* WORK INSTRUCTION: Starting at the line that contains "Adelaide Emilie Waagepetersen" and ending at the line that contains "The Pacific Motel", the lines below are to be given again exactly, with nothing added.

* EXERCISE INPUTS:
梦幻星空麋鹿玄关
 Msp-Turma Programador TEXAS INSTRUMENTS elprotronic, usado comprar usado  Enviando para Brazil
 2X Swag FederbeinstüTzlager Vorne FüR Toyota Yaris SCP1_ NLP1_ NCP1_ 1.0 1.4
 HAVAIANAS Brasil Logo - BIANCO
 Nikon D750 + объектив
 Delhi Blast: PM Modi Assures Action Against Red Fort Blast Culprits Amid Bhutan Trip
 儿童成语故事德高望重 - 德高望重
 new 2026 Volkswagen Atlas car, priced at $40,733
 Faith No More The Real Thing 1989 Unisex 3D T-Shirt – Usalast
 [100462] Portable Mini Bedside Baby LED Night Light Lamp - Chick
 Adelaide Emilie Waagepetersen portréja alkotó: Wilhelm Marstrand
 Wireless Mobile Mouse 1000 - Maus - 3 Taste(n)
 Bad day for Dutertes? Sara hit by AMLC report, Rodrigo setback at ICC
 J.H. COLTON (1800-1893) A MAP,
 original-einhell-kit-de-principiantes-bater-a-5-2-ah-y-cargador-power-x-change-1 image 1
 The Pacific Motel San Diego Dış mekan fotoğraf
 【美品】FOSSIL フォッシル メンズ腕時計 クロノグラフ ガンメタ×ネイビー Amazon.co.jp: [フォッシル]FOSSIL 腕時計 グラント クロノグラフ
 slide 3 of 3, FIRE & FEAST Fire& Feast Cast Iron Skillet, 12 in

* PROBLEM SOLUTION:
 Adelaide Emilie Waagepetersen portréja alkotó: Wilhelm Marstrand
 Wireless Mobile Mouse 1000 - Maus - 3 Taste(n)
 Bad day for Dutertes? Sara hit by AMLC report, Rodrigo setback at ICC
 J.H. COLTON (1800-1893) A MAP,
 original-einhell-kit-de-principiantes-bater-a-5-2-ah-y-cargador-power-x-change-1 image 1
 The Pacific Motel San Diego Dış mekan fotoğraf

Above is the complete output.